Bad news. The 440 is dead!
I knew about the chunk missing from the bottom of the bore:
The chunk is about 1/2" high and a little over an inch wide. I wasn't too worried since it is below the water jacket but I wanted the machinist to have his say on it. As he looked closer, he saw THIS:
I never noticed the crack in the cylinder.
The engine never overheated after the rod broke. No oil in the water but then again, there was no combustion in that cylinder after the piston stopped moving. The piston was an inch below deck when I pulled the head off. It may have blocked the crack off.
I could sleeve the cylinder but it is not a rare block. It is a 1976 casting from a police car. I have that other 1970 casting 440 to use if I need it.
I've joked for years that the motor was cursed and maybe it is. Check this out...
When I decided to rebuild it, my regular machinist had quit his gig and was nowhere to be found. I had to find another shop.
During the pre-oil, I couldn't get pressure to build. I tried 2 other oil pumps before finding a missing gallery plug.
While trying to slowly turn the engine over by pulling on the drive belts, a buddy bumped the starter solenoid and trapped my right hand in the crank pulley by the 2 fan belts.
It was hard to get it to fire for the break-in.
There was more valvetrain noise than I'd heard from a hydraulic cam setup.
At 846 miles, it broke the #4 rod but still ran.

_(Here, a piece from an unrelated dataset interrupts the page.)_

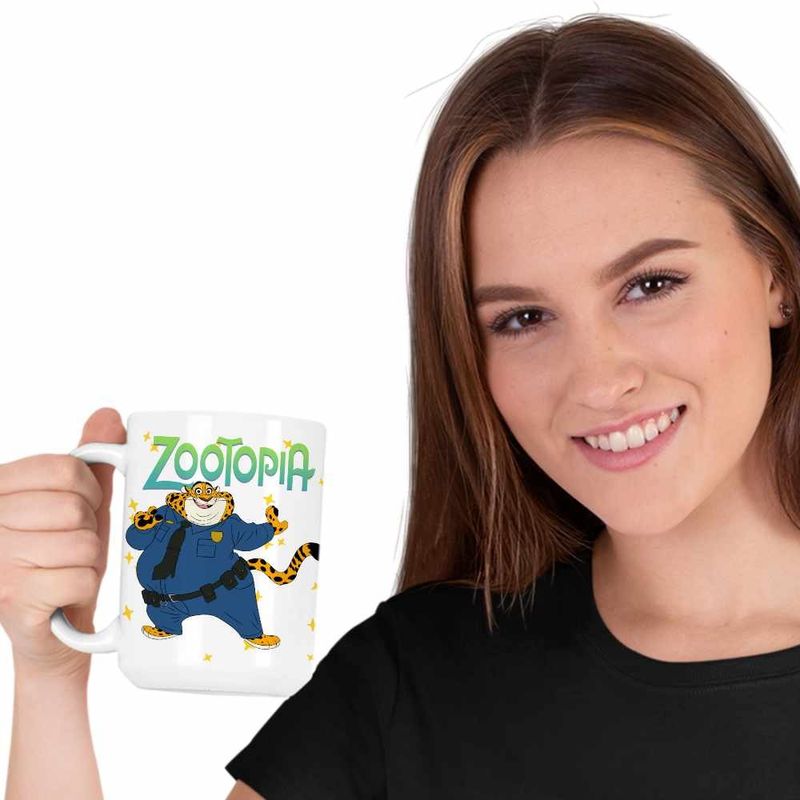 Casa si Gradina - Bucatarie si vesela - Cani si pahare - Cani si cesti - Cana Zootopia Ofiter Gheruta Clawhauser Ghepard Politist Politie CoolTrend, alba, 330ml - Infinity.ro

I pulled the engine and built another but used the "new" Edelbrock heads, valvetrain (Stock from the '76 Cop car) and intake.
The right side rocker arm broke when on a drive with the next engine. On the way home limping, the rebuilt trans started acting up. After replacing the cam/lifters, pushrods and all rocker arms and shafts, the trans gave up.
Now the cylinder has a crack in it. Maybe that is a GOOD thing. Who needs more bad luck ??